PerformanceCaching

Read-Through Cache

Fetching the same data from a slow database on every request wastes latency and database capacity, but manually managing cache population across every call site is error-prone and hard to keep consistent.

Rickvian Aldi·Software engineer·5 min read

Problem

In read-heavy applications the database is rarely the right place for every read. A product catalog, a user profile, a configuration object - these are queried thousands of times per second but change infrequently. Sending every read to the database creates unnecessary load, drives up tail latency, and makes the database a bottleneck for workloads it was never designed to handle at that rate.

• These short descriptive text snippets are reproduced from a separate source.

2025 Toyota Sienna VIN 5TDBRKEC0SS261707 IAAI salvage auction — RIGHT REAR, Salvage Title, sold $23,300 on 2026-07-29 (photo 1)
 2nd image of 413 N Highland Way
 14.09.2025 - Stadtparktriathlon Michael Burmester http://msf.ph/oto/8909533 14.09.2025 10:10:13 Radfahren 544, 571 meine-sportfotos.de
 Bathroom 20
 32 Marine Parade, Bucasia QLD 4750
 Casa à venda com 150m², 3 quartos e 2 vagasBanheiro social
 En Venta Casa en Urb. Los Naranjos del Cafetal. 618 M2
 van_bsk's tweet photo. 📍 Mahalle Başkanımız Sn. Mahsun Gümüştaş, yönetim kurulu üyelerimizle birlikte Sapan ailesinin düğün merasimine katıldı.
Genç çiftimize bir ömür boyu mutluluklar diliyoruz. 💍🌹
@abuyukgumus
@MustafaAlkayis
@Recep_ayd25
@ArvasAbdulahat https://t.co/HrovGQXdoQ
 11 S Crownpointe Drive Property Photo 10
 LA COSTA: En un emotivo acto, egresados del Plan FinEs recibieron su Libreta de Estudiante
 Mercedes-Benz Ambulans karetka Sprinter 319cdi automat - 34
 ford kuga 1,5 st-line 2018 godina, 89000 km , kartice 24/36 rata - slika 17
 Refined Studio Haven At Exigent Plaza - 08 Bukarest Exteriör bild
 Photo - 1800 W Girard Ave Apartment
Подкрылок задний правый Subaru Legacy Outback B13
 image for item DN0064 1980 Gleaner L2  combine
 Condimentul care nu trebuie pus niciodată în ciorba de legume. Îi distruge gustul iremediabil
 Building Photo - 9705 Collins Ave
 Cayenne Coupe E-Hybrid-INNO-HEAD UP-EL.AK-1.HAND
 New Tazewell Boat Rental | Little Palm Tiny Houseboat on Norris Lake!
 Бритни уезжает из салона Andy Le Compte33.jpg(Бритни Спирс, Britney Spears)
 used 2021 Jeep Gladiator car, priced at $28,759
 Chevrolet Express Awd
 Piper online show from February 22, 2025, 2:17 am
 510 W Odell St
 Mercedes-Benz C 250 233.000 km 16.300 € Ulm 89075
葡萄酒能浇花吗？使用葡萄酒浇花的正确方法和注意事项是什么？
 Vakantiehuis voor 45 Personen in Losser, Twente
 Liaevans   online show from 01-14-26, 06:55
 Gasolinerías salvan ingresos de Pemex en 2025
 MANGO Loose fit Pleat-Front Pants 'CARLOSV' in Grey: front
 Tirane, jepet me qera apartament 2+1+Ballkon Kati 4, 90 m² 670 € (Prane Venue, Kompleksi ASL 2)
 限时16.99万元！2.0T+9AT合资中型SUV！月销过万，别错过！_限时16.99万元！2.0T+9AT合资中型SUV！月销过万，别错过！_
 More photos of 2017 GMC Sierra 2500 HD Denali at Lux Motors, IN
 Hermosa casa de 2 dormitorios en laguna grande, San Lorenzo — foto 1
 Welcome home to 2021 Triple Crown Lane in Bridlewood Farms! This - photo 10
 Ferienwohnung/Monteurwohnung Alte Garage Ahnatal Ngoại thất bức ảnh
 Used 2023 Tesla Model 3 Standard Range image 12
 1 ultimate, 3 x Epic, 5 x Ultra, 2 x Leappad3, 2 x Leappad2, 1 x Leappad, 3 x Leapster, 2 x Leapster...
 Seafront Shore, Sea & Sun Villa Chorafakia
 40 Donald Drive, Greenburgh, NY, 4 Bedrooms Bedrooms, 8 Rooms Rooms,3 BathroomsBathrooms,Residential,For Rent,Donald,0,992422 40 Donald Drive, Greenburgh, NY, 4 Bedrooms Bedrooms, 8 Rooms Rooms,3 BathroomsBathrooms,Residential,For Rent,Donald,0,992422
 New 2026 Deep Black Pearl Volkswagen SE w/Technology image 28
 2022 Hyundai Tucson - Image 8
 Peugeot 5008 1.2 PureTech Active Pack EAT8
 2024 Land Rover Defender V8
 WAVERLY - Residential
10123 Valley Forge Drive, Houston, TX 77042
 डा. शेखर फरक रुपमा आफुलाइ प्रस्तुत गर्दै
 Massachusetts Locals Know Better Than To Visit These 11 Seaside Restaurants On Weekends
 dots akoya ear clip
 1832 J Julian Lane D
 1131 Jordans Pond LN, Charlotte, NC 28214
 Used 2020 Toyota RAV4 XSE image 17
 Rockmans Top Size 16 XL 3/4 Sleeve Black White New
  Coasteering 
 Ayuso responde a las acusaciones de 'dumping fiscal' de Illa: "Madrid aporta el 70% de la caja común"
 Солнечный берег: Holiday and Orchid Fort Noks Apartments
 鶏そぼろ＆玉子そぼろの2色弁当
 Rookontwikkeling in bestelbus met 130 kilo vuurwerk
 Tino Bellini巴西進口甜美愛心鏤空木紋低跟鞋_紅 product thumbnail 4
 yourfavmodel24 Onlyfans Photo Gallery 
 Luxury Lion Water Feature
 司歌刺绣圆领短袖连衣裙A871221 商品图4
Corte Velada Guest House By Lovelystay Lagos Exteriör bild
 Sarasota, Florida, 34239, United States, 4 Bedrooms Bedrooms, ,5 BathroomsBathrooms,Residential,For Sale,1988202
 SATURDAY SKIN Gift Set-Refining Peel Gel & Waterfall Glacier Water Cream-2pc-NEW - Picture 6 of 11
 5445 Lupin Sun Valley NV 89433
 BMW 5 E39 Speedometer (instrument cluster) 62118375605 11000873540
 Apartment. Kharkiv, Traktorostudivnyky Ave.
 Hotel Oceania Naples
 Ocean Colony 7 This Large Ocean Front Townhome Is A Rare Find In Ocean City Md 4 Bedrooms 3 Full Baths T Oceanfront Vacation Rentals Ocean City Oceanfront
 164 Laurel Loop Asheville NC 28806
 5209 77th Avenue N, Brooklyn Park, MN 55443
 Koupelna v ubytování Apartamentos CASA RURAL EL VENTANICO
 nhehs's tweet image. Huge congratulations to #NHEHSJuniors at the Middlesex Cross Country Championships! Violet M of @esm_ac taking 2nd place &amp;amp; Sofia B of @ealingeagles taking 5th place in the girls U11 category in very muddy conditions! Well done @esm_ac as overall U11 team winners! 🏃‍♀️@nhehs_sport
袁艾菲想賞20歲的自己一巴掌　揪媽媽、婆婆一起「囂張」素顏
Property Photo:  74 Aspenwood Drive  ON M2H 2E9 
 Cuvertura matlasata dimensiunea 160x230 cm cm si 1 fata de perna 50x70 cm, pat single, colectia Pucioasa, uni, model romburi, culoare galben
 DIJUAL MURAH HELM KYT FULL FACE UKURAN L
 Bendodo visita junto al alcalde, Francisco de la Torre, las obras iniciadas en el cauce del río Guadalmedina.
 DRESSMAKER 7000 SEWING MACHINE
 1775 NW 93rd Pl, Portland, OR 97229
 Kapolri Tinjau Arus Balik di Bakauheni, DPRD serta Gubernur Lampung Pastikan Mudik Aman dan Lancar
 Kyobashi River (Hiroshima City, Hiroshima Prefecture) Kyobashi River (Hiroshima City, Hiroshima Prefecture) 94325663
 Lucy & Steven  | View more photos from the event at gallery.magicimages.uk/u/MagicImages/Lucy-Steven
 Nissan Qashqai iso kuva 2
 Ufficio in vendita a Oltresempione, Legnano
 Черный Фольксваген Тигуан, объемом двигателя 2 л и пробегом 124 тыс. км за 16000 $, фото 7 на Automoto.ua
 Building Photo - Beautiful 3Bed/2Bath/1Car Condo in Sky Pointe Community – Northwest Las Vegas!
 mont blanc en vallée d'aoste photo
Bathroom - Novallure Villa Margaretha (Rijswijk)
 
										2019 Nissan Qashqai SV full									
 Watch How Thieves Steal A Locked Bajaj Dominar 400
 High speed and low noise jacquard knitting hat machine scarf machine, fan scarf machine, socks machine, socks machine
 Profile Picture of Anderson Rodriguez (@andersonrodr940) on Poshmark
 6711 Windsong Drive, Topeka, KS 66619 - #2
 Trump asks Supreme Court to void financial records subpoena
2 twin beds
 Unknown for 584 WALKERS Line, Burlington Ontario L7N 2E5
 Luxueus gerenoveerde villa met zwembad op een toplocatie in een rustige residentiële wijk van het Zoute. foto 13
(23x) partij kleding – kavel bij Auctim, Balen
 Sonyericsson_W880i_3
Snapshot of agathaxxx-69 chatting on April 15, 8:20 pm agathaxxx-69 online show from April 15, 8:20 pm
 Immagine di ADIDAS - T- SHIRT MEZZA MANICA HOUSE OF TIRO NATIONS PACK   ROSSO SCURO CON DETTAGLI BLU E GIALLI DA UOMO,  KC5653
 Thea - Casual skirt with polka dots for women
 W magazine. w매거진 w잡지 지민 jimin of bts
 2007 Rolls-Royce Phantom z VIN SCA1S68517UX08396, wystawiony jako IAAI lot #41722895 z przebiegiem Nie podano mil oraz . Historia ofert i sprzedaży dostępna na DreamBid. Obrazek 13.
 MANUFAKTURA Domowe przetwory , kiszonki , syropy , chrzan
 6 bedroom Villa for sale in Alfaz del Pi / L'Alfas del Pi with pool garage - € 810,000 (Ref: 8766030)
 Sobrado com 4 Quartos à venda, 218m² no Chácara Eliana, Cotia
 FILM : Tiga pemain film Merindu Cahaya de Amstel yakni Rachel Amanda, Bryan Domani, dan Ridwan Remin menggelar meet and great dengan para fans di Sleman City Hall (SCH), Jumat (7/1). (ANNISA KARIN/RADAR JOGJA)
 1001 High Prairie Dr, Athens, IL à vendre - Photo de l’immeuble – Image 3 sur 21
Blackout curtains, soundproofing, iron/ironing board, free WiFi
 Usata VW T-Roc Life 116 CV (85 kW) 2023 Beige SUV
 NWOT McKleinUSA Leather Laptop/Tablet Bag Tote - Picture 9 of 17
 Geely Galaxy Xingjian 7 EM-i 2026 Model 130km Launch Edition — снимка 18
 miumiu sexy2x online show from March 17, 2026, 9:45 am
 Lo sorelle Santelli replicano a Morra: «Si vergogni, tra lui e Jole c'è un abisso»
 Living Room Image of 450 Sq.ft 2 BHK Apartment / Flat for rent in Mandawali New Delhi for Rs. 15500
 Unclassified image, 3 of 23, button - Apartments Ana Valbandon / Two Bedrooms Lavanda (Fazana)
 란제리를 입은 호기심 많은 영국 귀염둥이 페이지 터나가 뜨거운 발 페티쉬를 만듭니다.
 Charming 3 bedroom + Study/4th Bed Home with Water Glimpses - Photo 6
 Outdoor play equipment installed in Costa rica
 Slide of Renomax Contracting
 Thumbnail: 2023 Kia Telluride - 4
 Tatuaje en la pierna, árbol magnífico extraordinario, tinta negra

The naive fix - cache things manually - introduces its own problems. Every call site that fetches data must now remember to check the cache first, populate it on a miss, and invalidate it on write. When the logic is duplicated across dozens of services or hundreds of files, inconsistencies multiply. One call site forgets to invalidate. Another uses a different TTL. A third caches the wrong granularity. The cache becomes a source of subtle bugs rather than a source of speed.

Forces

Latency is uneven. A database query might take 5–50ms. A cache hit in Redis takes under 1ms. The difference is imperceptible in a batch job but decisive in a web request that chains several lookups.
Cache population is a cross-cutting concern. If every call site is responsible for its own cache logic, the complexity grows with the size of the codebase. Centralizing it means changing the TTL or eviction policy in one place affects all consumers.
Cold starts and cache stampedes. When a cache entry expires under load, many concurrent requests all miss simultaneously and all hit the database before any of them can repopulate. Without mitigation, this produces a thundering herd that can overload a database in seconds.
Consistency tolerance varies. Some data (stock prices, live scores) must never be stale. Other data (product descriptions, user preferences) can tolerate seconds or minutes of lag. The cache layer must accommodate this spectrum.

Solution

Wrap the data access layer so that the cache is the only entry point. The calling code asks the cache for the data; the cache either returns a hit or fetches from the database, stores the result, and returns it. The caller never knows whether the data came from cache or the database.

Implementation sketch:

class ReadThroughCache<T> {
  constructor(
    private readonly redis: Redis,
    private readonly ttlSeconds: number
  ) {}
 
  async get(key: string, fetch: () => Promise<T>): Promise<T> {
    const cached = await this.redis.get(key);
    if (cached !== null) {
      return JSON.parse(cached) as T;
    }
 
    const value = await fetch();
    await this.redis.setex(key, this.ttlSeconds, JSON.stringify(value));
    return value;
  }
 
  async invalidate(key: string): Promise<void> {
    await this.redis.del(key);
  }
}
 
// Usage
const userCache = new ReadThroughCache<User>(redis, 300); // 5-minute TTL
 
async function getUser(id: string): Promise<User> {
  return userCache.get(`user:${id}`, () => db.users.findById(id));
}

The fetch function is only called on a cache miss. This makes caching transparent: refactoring getUser to add caching requires changing exactly one place.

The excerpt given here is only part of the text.